TO DO
Return the listing below unchanged, but without pictures.
-- DATA FOR THE TASK follows --
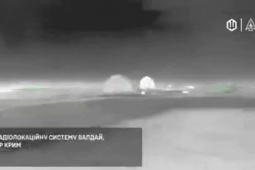 Ukraine tấn công hàng loạt mục tiêu quân sự Nga trên bán đảo Crimea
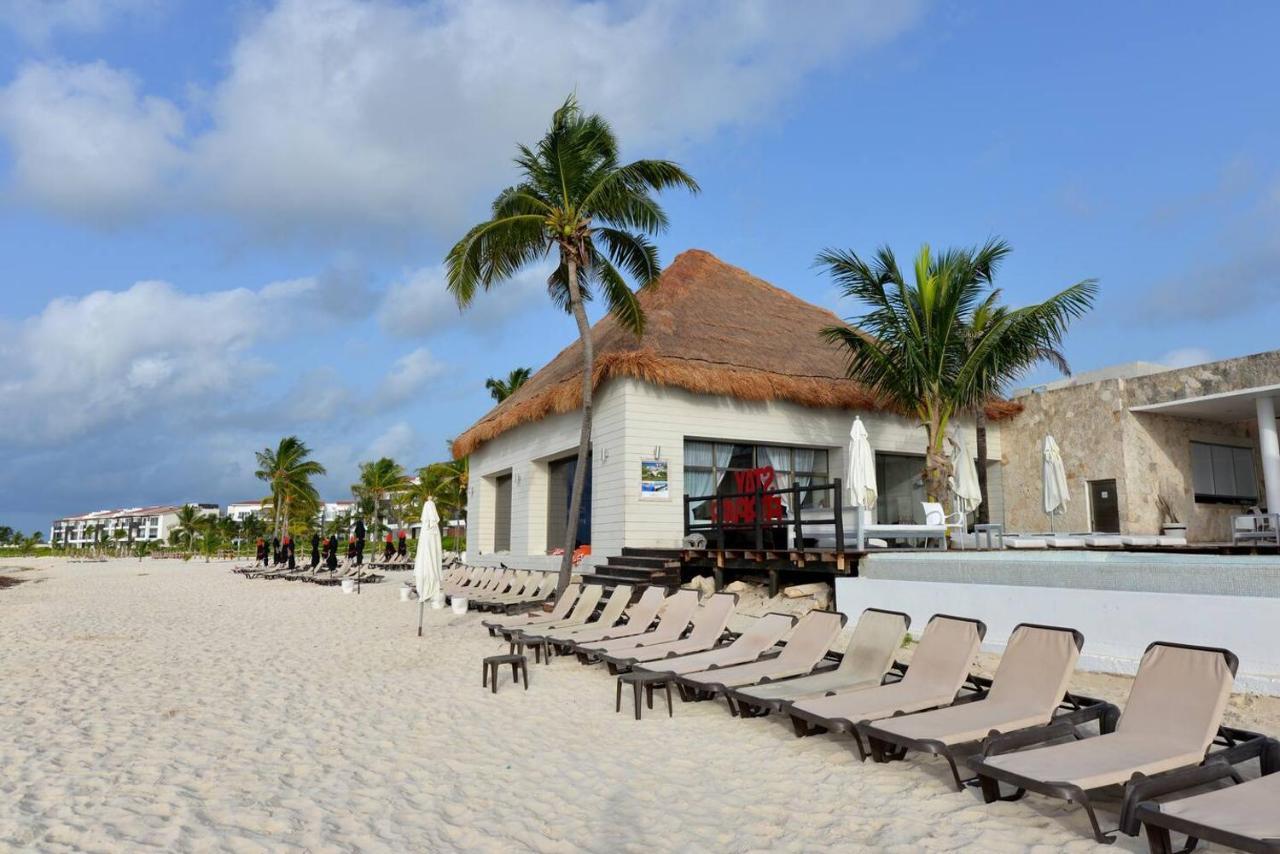 Apartment Deluxe Beachside, Private Beach Club And Golf Playa del Carmen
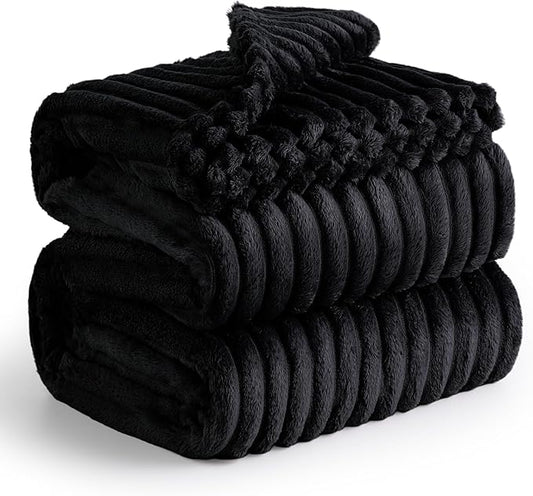 Bedsure Black Blanket Full Size for Bed - GentleSoft Cozy Soft Blankets for Women, Cute Large Fleece Throws for Girls, 84x90 Inches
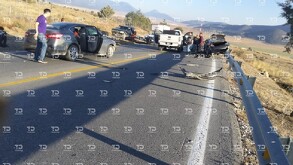 Se observan dos autos chocados, y un hombre afuera de un carro.
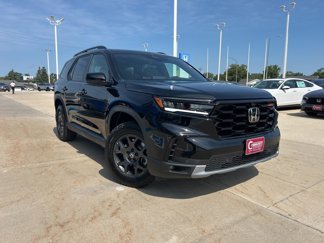 New 2025 Honda Pilot TrailSport image 1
-- DATA FOR THE TASK concluded --
TASK SOLUTION
 Ukraine tấn công hàng loạt mục tiêu quân sự Nga trên bán đảo Crimea
 Apartment Deluxe Beachside, Private Beach Club And Golf Playa del Carmen
 Bedsure Black Blanket Full Size for Bed - GentleSoft Cozy Soft Blankets for Women, Cute Large Fleece Throws for Girls, 84x90 Inches
 Se observan dos autos chocados, y un hombre afuera de un carro.
 New 2025 Honda Pilot TrailSport image 1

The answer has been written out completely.